When I modified the wrap-existing-server-span, as above, I was then able to query (locally running jaeger) for url.path.
However, I'm not sure yet of whether that is just a red-herring that I'm going down
OK, so your issue isn't to do with the Compojure integration, as that just decorates server spans with extra detail.
What HTTP server library does your application use e.g. Jetty, http-kit...?
Jetty 12.0.14
OK, Jetty is supported by the OpenTelemetry Java instrumentation agent. Are you using that, or some other agent?
opentelemetry
OK, are you able to run your application (or something similar to your application) without clj-otel at all, but with the agent? You should be getting traces without any manual instrumentation.
I can attempt that. I have a locally running jaeger (as deploying to aws ecs is tedious each time). I can spin up my application and see what I get with the agent running
As you may appreciate, there are a lot of configuration details to nail down. Manual instrumentation (the major use case for clj-otel) is the icing on the cake, so to speak.
Yeah, it's quite tricky for sure
Establishing traces in X-Ray through automatic instrumentation for your application would be a significant milestone towards your ultimate goal of a manually instrumented application.
....manual is best?
Okay, so application running with agent and no clj-otel. Jaeger running. I can see traces in jaeger of database requests, subscriptions to sns an sqs going on.

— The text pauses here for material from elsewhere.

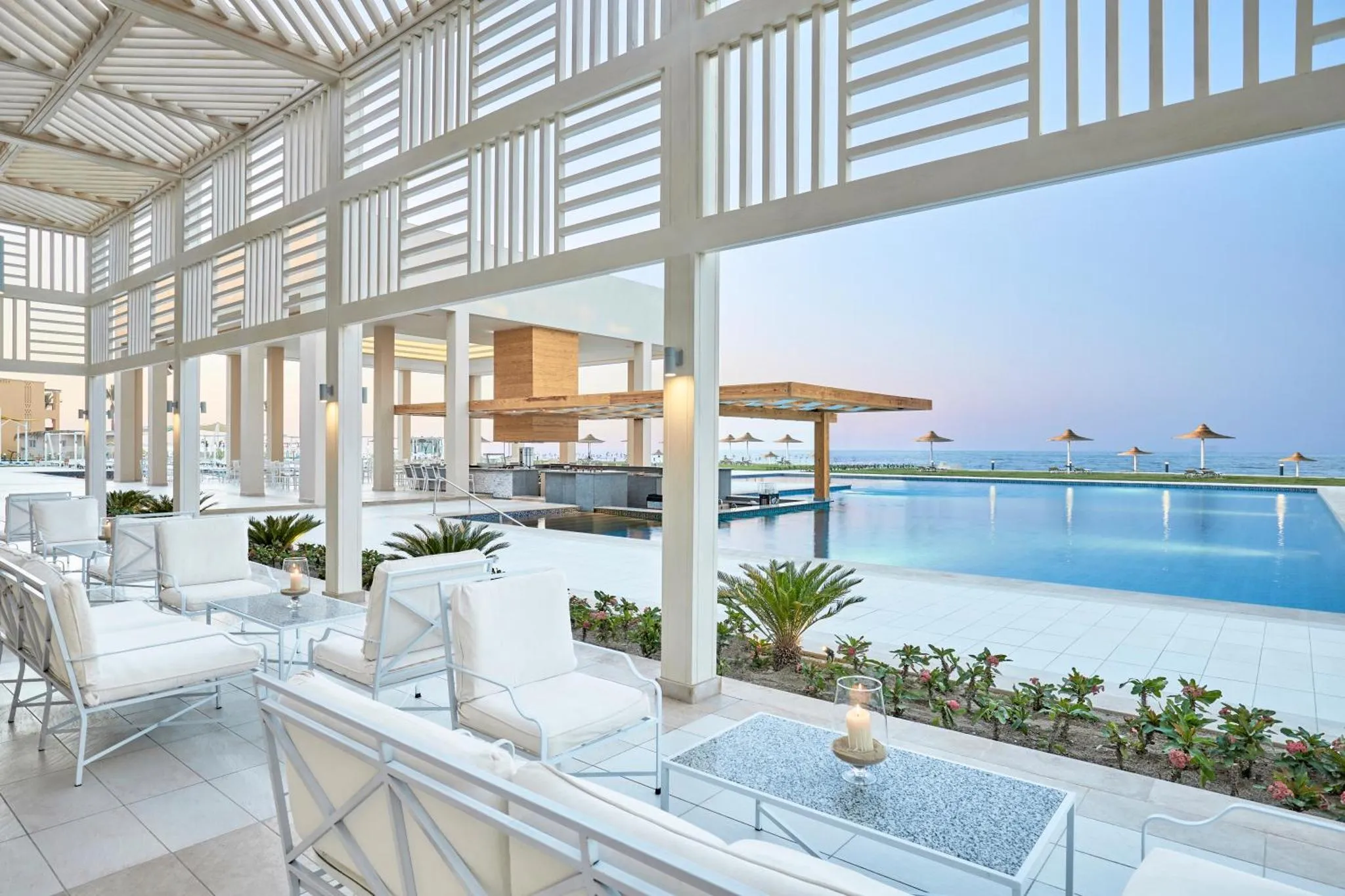 Espace de détente extérieur avec mobilier blanc et piscine à débordement.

Recalling the clj-otel https://github.com/steffan-westcott/clj-otel/blob/master/doc/tutorial.adoc, automatic instrumentation is good, but enriched instrumentation (automatic plus manual) enables extra insight.

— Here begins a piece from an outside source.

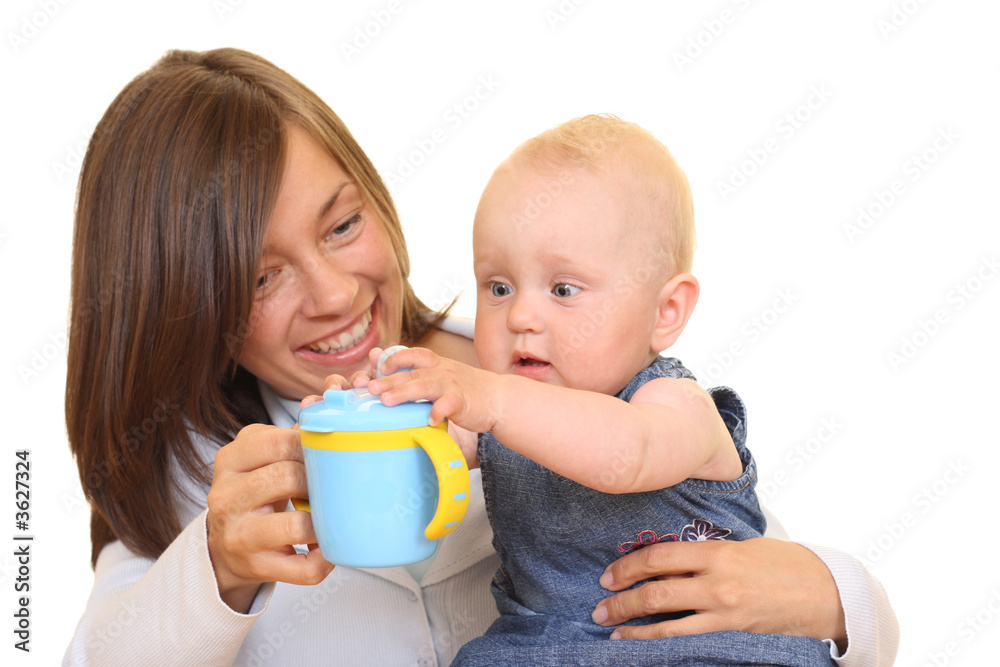 mother and 8 months baby girl with baby cup isolated on white mother and 8 months baby girl with baby cup isolated on white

As expected, attempting to query this url.path=/foo/bar/baz shows no traces
I'm confused again. Are you deploying locally or on AWS? Are you using X-Ray to view, or deploying Jeager on AWS?
I am deploying to AWS. However, as mentioned above, deploying to AWS ECS is tedious each time, takes +minutes to do. So, in order to simulate the behaviour, I'm using jaeger, which respects the otlp protocol (like aws xray). So what I can get in jaeger should be nearly close enuogh to what I see in xray
I am running locally for this experimentation to see why with the middleware (wrap-server-span) set in my application, I do not see route requests - both on aws xray and on jaeger
Your issue is more related to networking, rather than clj-otel functionality. This is why I believe you should focus on getting the automatic instrumentation working first.
It is working, I do see traces of everything except route requests.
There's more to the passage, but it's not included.